Xeneta noted storm clouds on the horizon, however, with the first year-on-year fall in e-commerce exports from China since January 2022.
The year began with “unexpected vigour” with a +7% year-on-year boost in demand and an easing of recent freight rate declines.
“The growth in global chargeable weight in the opening month of 2026 was the strongest increase since January 2025, and ahead of the +5% year-on-year growth in capacity supply,” Xeneta stated.
Chief airfreight officer Niall van de Wouw said the upbeat air cargo market in January needed to be “tempered with a dose of reality”.
“Asia is such a big exporter of airfreight, it is difficult to draw any conclusions on what the market is signalling in January because of the Lunar New Year and the fluctuations it causes,” he said.
He said the picture for global air cargo spot rates in January might be a truer reflection of world economic events.
“While the outlook for demand and air cargo rates is unlikely to become clearer until the end of the first quarter, one undeniable fact certain to influence air freight volumes is the drop-off in e-commerce volumes ex China and Hong Kong,” Mr van de Wouw said.
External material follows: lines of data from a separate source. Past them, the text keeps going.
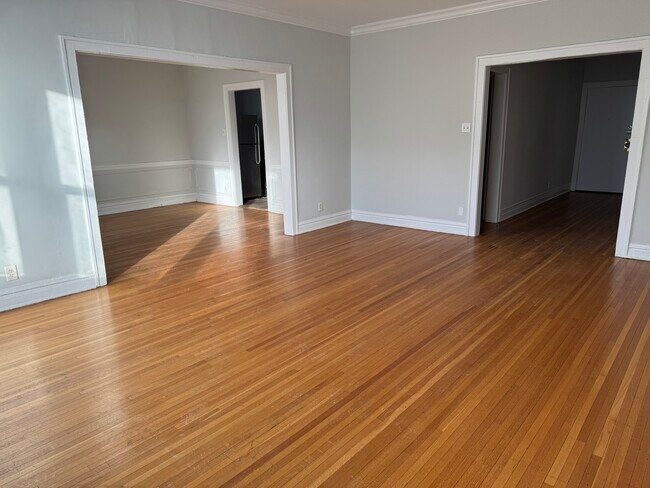 Building Photo - 5453 S Everett Ave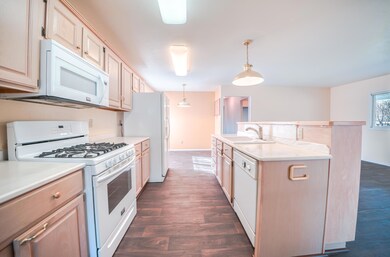 924 S Shasta Ave (8 of 40)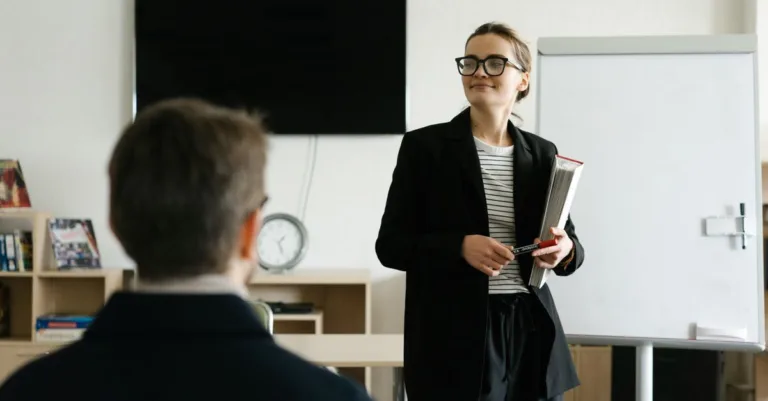 découvrez les meilleures pratiques et formations en management pour développer vos compétences en leadership et gestion d'équipe.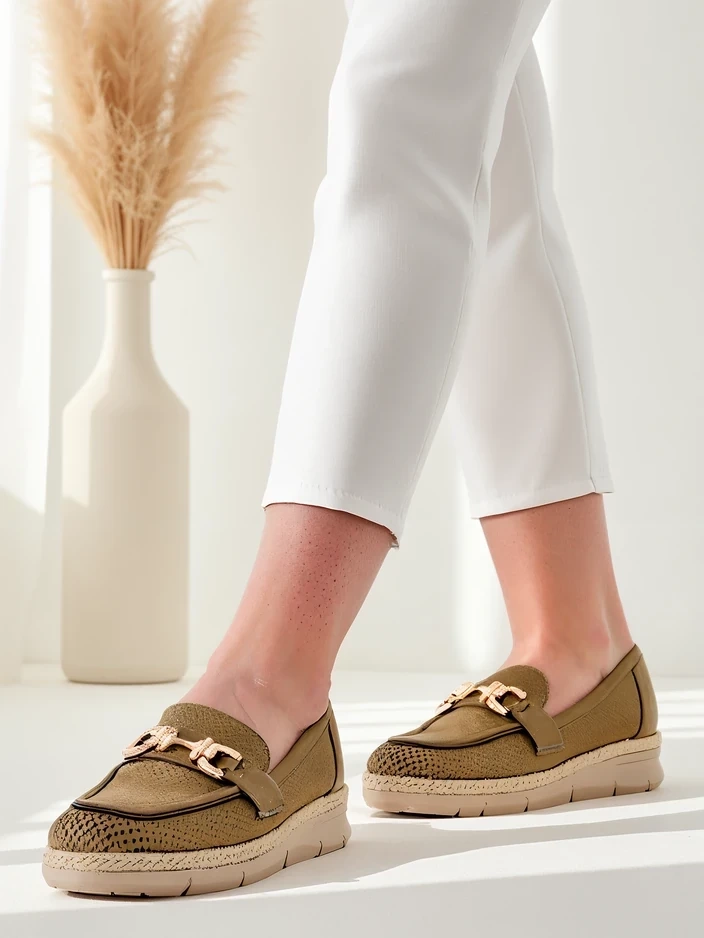 Resti Women’s flats with a decorative accent on the toe
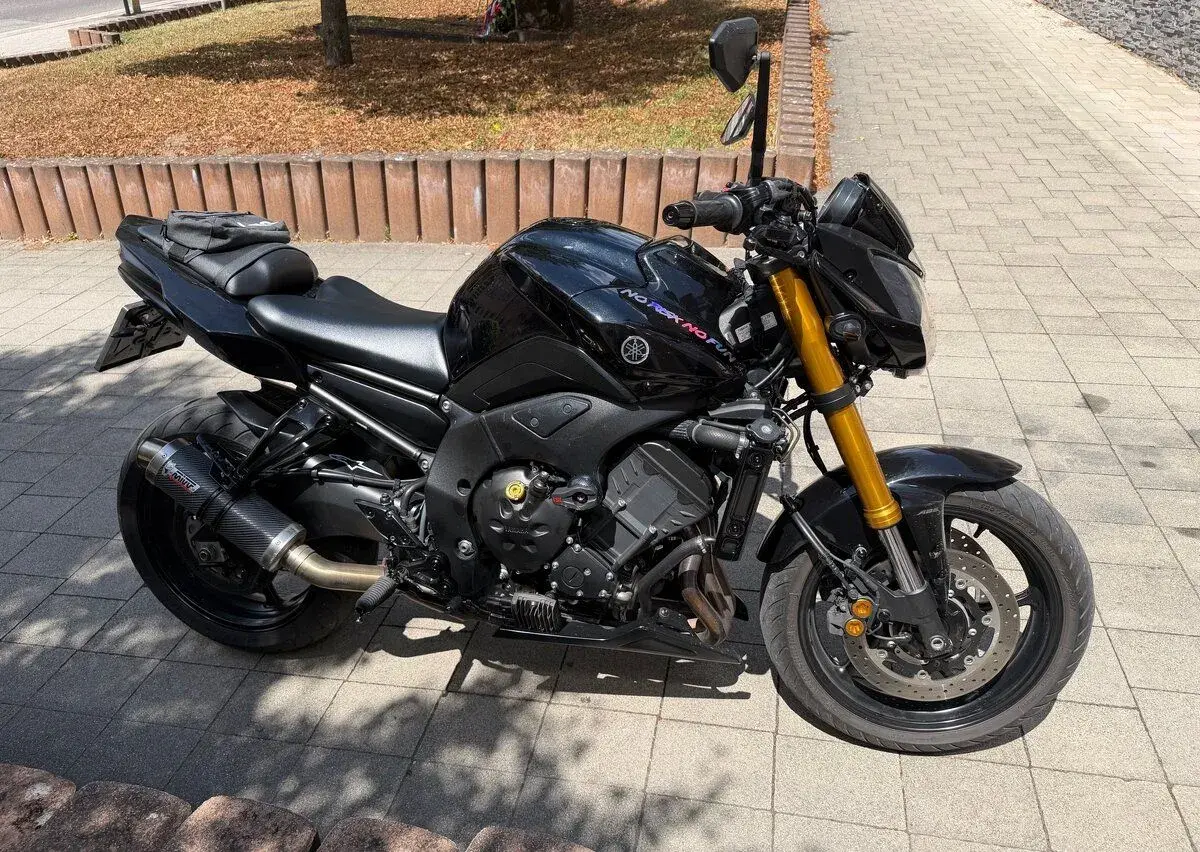 Yamaha FZ8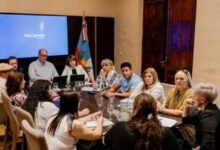 Photo of Sin acuerdo: gremios docentes consultarán a las bases la propuesta de 870 mil pesos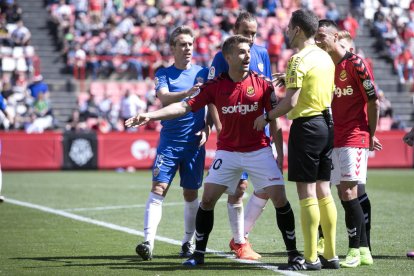 Juan Muñiz, discutiendo con Aitor Gorostegui Fernández, árbitro encargado de dirigir el Nàstic-Almeria del pasado domingo.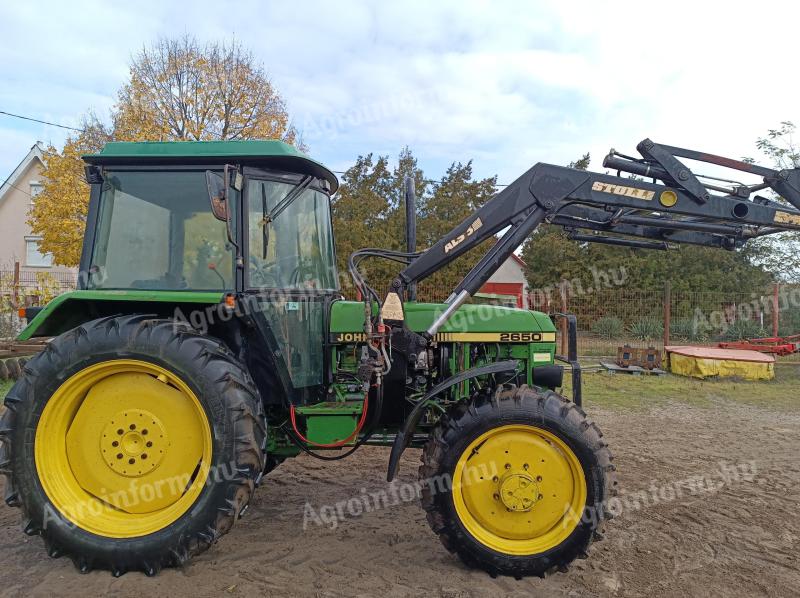 John Deere 2650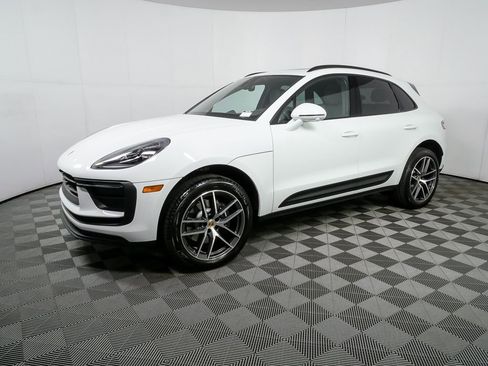 New 2026 Porsche Macan image 29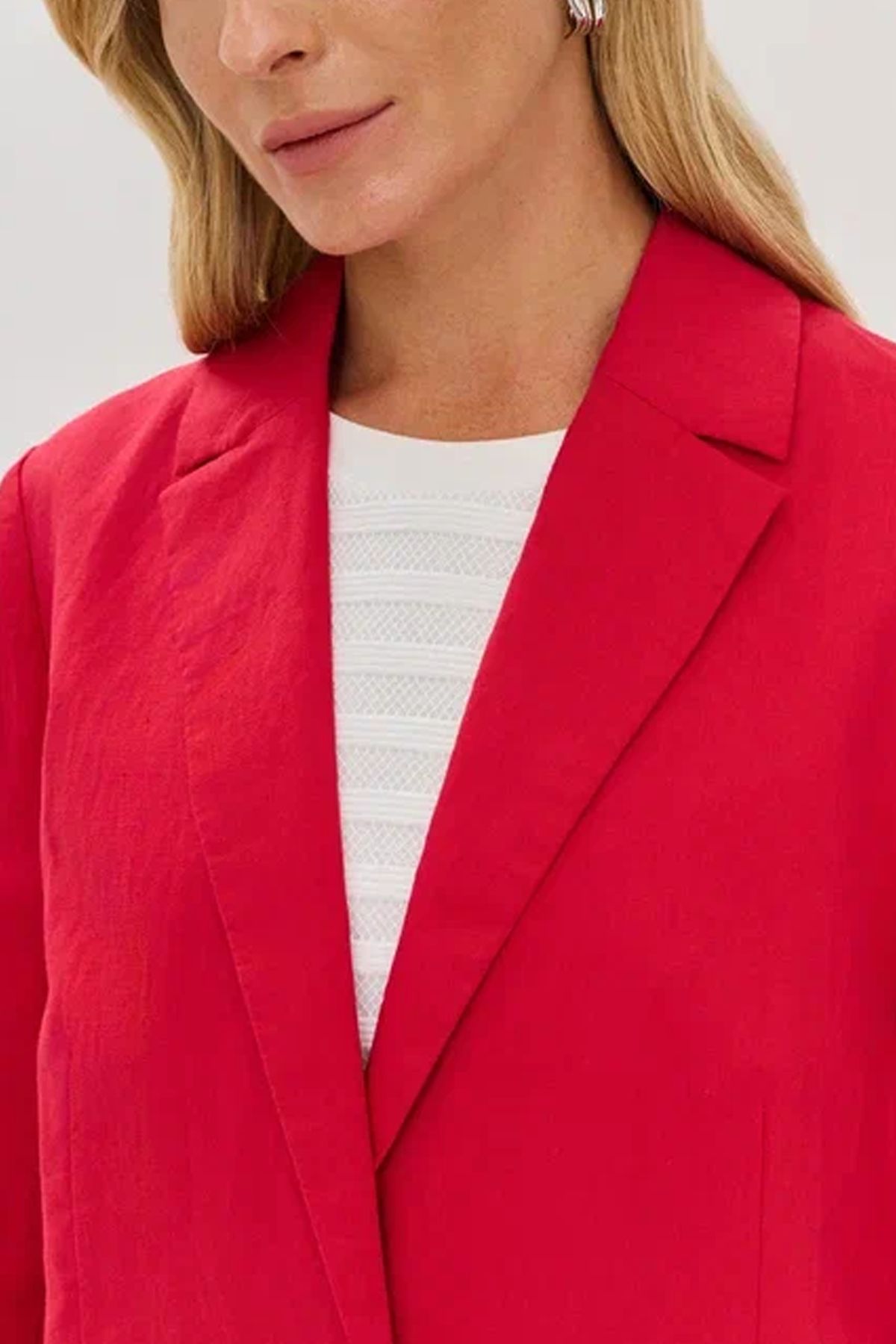 Однобортный жакет красного цвета с контрастной пуговицей, 52р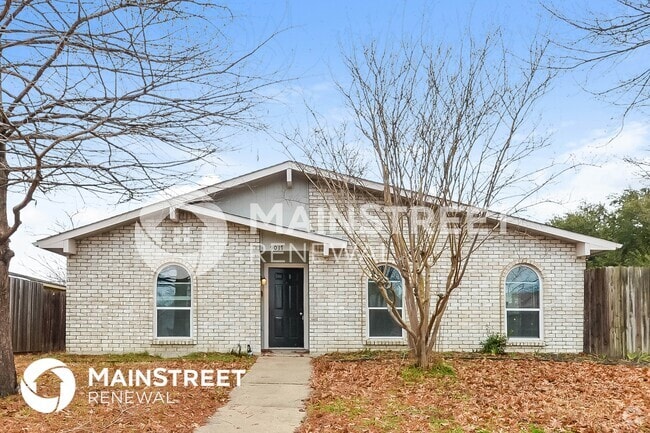 Building Photo - 9017 Willowbrook Dr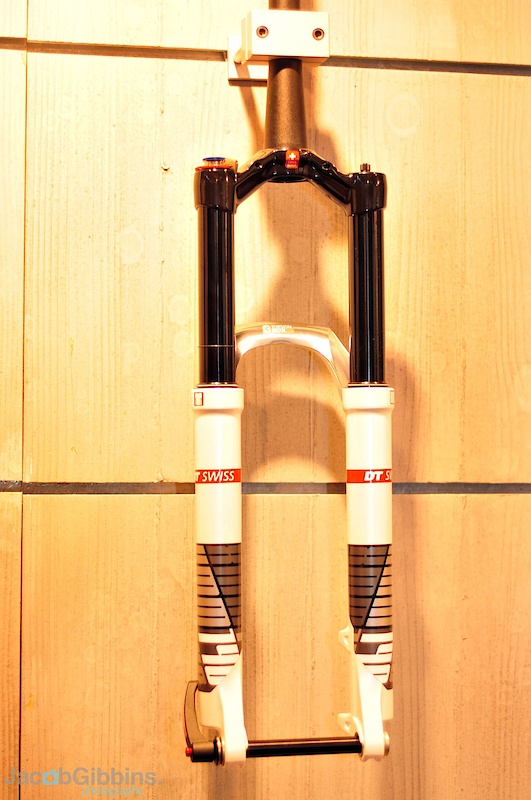 Seen here is the 15mm dropout option which is available on the magnesium lowers in addition to a normal 9mm QR. Pocketing and hollowing out of these helps keep the weight down without sacrificing stiffness whilst their own quick release lever is smooth and uses the bulge of the fork leg to prevent unwinding. Meanwhile, at the top of the burlier forks fork are the options of both standard and taper steerers.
For an air cargo market “turbocharged by cross-border e-commerce since late 2023”, this was a trend airline and freight forwarders would be closely monitoring.
Mr Van de Wouw said the trend had become apparent late last year.
“In October, we said air cargo’s e-commerce growth engine was showing signs of slowing down, but that this could be just a blip.
“We saw this again in November, and we said if it happened for a third consecutive month in December, this would signal a trend. This is now the situation,” he said.
“If it remains flat or declines further, it will certainly affect many organisations’ growth plans, including those with commitments tor freighter conversions that will be relying on the high level of e-commerce demand we have seen in recent years.”
He said developments in ocean container shipping remained a wildcard, notably the Red Sea/Suez situation.
Since late last year, major carriers such as CMA CGM — and more recently Maersk — have been testing Suez Canal routings on selected sailings.